- Description of the task: Apart from the pictures, output all of the records exactly.

[Start of section]

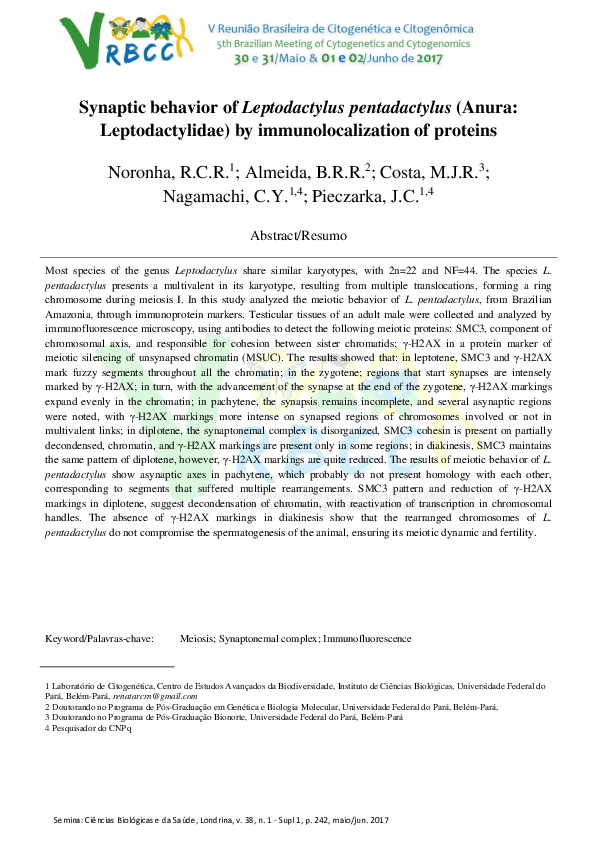 Synaptic behavior of Leptodactylus pentadactylus (Anura: Leptodactylidae) by immunolocalization of proteins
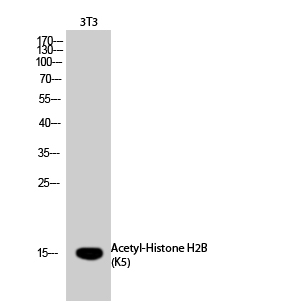  - Histone H2B (Acetyl Lys5) Polyclonal Antibody AP63200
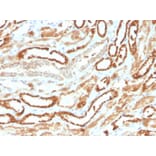 Immunohistochemistry - Anti-EPO Antibody [rEPO/1367] - BSA and Azide free (A251622) - Antibodies.com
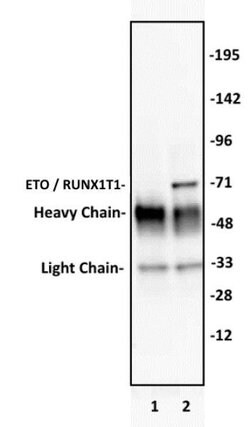 ETO / RUNX1T1 Polyclonal Antibody, Active Motif 10 &mu;L | Buy Online | Active Motif | Fisher Scientific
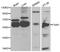 Fatty Acid Amide Hydrolase antibody, MBS127826, MyBioSource, Western Blot image 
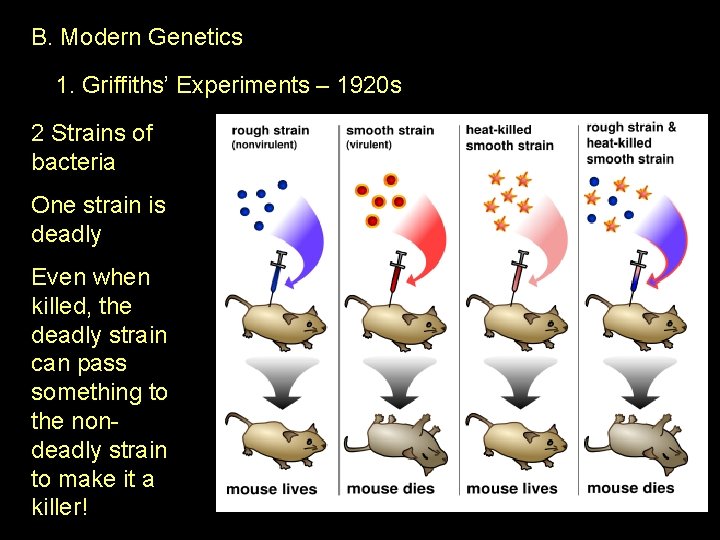 B. Modern Genetics 1. Griffiths’ Experiments – 1920 s 2 Strains of bacteria One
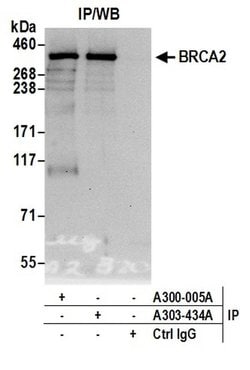 BRCA2 Rabbit anti-Human, Polyclonal, Bethyl Laboratories 100 &mu;L; Unconjugated:Antibodies,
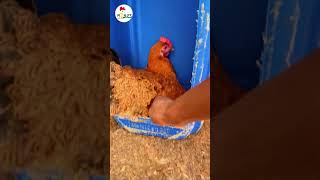 Ramassage des œufs chez MahuS Poulets pouletgoliath investiraupays foryou viralvideo pourtoi [upl. by Notpmah]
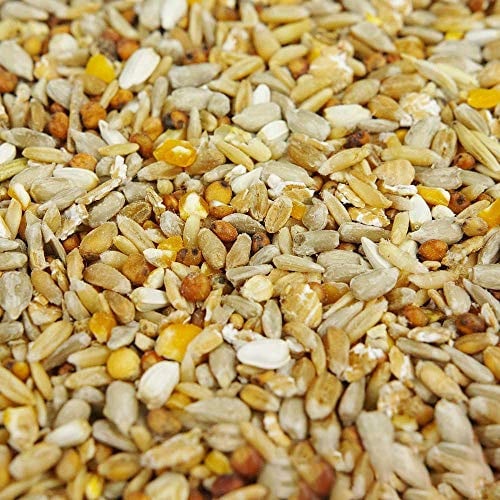 BusyBeaks No Mess Seed Mix | Garden Wild Bird Food Mixture | Husk and Shell Free Seeds | Premium Quality Balanced Formula | Protein-Rich Great Source of Energy | Attracts Various Birds (5kg)
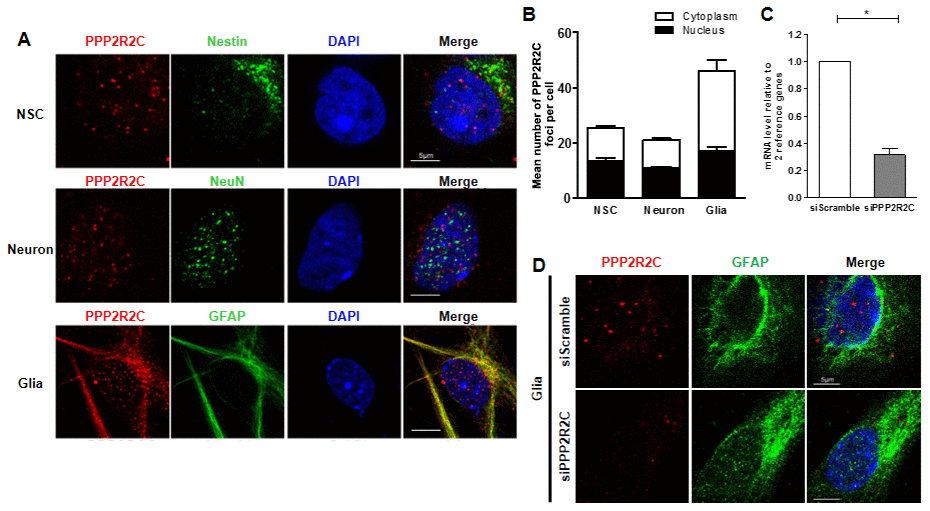 Detection of PPP2R2C expression in different neural cells isolated from mice brains. (A) Representative images of confocal sections from cultured primary cells (neural stem cell, NSC; astrocyte, Glia and neuron) isolated from wildtype newborn mouse brain, staining with of PPP2R2C antibody (red) and neural markers (green) and counterstained with DAPI (blue). (B) Quantification of the mean number of PPP2R2C foci per nucleus and Cytoplasm of (A) normalized to the number of nuclei. Data are presented at mean+/-SEM. (C) Quantitative RT-qPCRs analyzing PPP2R2C RNA level (n=3) and (D) Representative images of confocal sections staining with of PPP2R2C antibody (red) and neural markers (green) and couterstained with DAPI (blue) in glia cells isolated from wildtype newborn mouse brain after silencing of PPP2R2C. Scale bar 5 um, * p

[End of section]

- Reply to the task:
 Synaptic behavior of Leptodactylus pentadactylus (Anura: Leptodactylidae) by immunolocalization of proteins
  - Histone H2B (Acetyl Lys5) Polyclonal Antibody AP63200
 Immunohistochemistry - Anti-EPO Antibody [rEPO/1367] - BSA and Azide free (A251622) - Antibodies.com
 ETO / RUNX1T1 Polyclonal Antibody, Active Motif 10 &mu;L | Buy Online | Active Motif | Fisher Scientific
 Fatty Acid Amide Hydrolase antibody, MBS127826, MyBioSource, Western Blot image 
 B. Modern Genetics 1. Griffiths’ Experiments – 1920 s 2 Strains of bacteria One
 BRCA2 Rabbit anti-Human, Polyclonal, Bethyl Laboratories 100 &mu;L; Unconjugated:Antibodies,
 Ramassage des œufs chez MahuS Poulets pouletgoliath investiraupays foryou viralvideo pourtoi [upl. by Notpmah]
 BusyBeaks No Mess Seed Mix | Garden Wild Bird Food Mixture | Husk and Shell Free Seeds | Premium Quality Balanced Formula | Protein-Rich Great Source of Energy | Attracts Various Birds (5kg)
 Detection of PPP2R2C expression in different neural cells isolated from mice brains. (A) Representative images of confocal sections from cultured primary cells (neural stem cell, NSC; astrocyte, Glia and neuron) isolated from wildtype newborn mouse brain, staining with of PPP2R2C antibody (red) and neural markers (green) and counterstained with DAPI (blue). (B) Quantification of the mean number of PPP2R2C foci per nucleus and Cytoplasm of (A) normalized to the number of nuclei. Data are presented at mean+/-SEM. (C) Quantitative RT-qPCRs analyzing PPP2R2C RNA level (n=3) and (D) Representative images of confocal sections staining with of PPP2R2C antibody (red) and neural markers (green) and couterstained with DAPI (blue) in glia cells isolated from wildtype newborn mouse brain after silencing of PPP2R2C. Scale bar 5 um, * p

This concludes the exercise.